The 54-page motion for reconsideration filed Friday morning, July 21, Friday said the Supreme Court was “abdicating its special jurisdiction to fully review the factual sufficiency of Proclamation No. 216,” issued by President Rodrigo Duterte on May 23, soon after fighting between extremist gunmen and government forces broke out in Marawi, placing Mindanao under martial law for 60 days.

The motion of Representatives Edcel Lagman of Albay, Teddy Baguilat of Ifugao, Emmanuel Billones of Capiz, Tomas Villarin of Akbayan and Gary Alejano of Magdalo, was filed a day before Congress meets in a special session called by Duterte to consider his request to extend martial law to December 31.
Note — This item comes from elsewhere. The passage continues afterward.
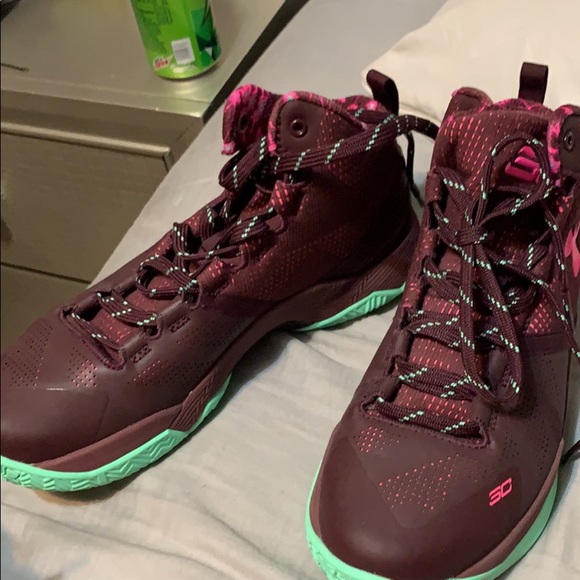 Steph curry under armor shoes - Picture 2 of 2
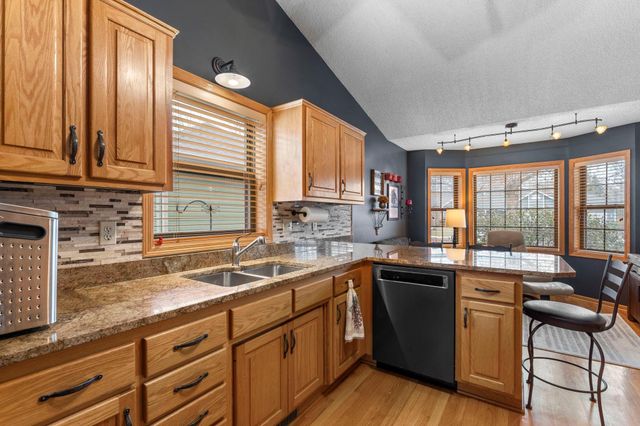 476 Hawthorn Road, Circle Pines, MN 55014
It challenged the factual sufficiency of Proclamation No. 216 under Section 18 of Article VII of the Constitution, which provides:

“The Supreme Court may review, in an appropriate proceeding filed by any citizen, the sufficiency of the factual basis of the proclamation of martial law or the suspension of the privilege of the writ or the extension thereof, and must promulgate its decision thereon within thirty days from its filing.”

In a majority decision on July 4, the high court ruled that Proclamation No. 216 was constitutional.
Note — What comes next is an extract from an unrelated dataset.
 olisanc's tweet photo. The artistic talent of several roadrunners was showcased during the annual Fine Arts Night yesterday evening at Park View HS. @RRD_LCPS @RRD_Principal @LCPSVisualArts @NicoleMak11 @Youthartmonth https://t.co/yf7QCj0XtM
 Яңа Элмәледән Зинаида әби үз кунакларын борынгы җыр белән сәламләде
But Lagman said the verdict was “flawed and tainted because it deliberately weakened the Supreme Court’s power of judicial review” and accorded Duterte “undue concessions” such as the following:

  1. Claiming its lack of competence to ably determine the facts on the ground
  2. Admitting a supposed “institutional incapacity” to vet relevant facts
  3. Unduly deferring to the President’s logistical superiority to gather and evaluate intelligence information
  4. Granting excessive leeway to the President’s exercise of emergency powers
  5. Conceding the applicability of presumptions of regularity and good faith in favor of the President, thereby emaciating the Supreme Court’s power of judicial review under Section 18 of Article VII

Lagman noted that Chief Justice Maria Lourdes Sereno, in her dissent, said “the majority emaciated the power of judicial review by giving excessive leeway to the President.”
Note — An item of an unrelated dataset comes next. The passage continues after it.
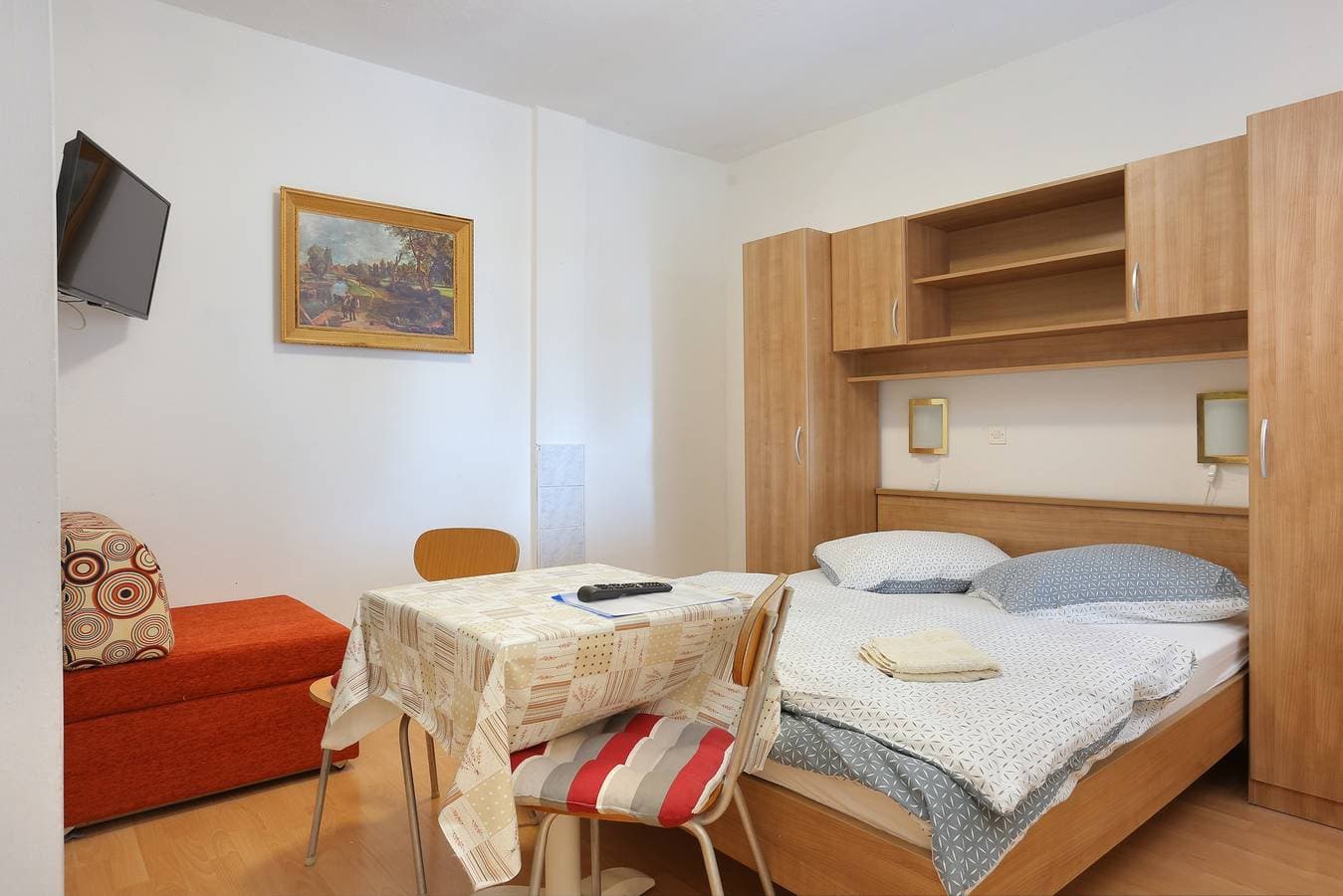 Foto 11 von 18: Studio Appartement mit Terrasse und Meerblick Tucepi, Makarska -b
The Albay representative and his co-petitioners maintained there was no actual rebellion in Marawi City and the rest of Mindanao when Duterte declared martial law and suspended the privilege of the writ of habeas corpus.

What was happening in Marawi then, they said, was “lawless violence amounting to terrorism.”

Under the Constitution the declaration of martial law or the suspension of the writ of habeas corpus is based solely on actual rebellion or invasion, and only when the public safety requires these.

The petition told the high court that the “appalling escalation of deaths of soldiers and terrorists, including innocent civilians; massive destruction of both public and private properties; and the widespread displacement of residents, many of whom have died in cramped and unsanitary makeshift evacuation centers, are the horrific aftermath of the declaration of martial law, which were not the prevailing conditions at the time Proclamation No. 216 was issued on May 23, 2017.”

“This tragic aftermath could have been avoided had martial law not been declared. The improvident and unconstitutional imposition gave the military and police forces the go-signal to inordinately intensify their air strikes and land assaults which resulted to the wanton devastation of Marawi City and a looming humanitarian crisis,” it added.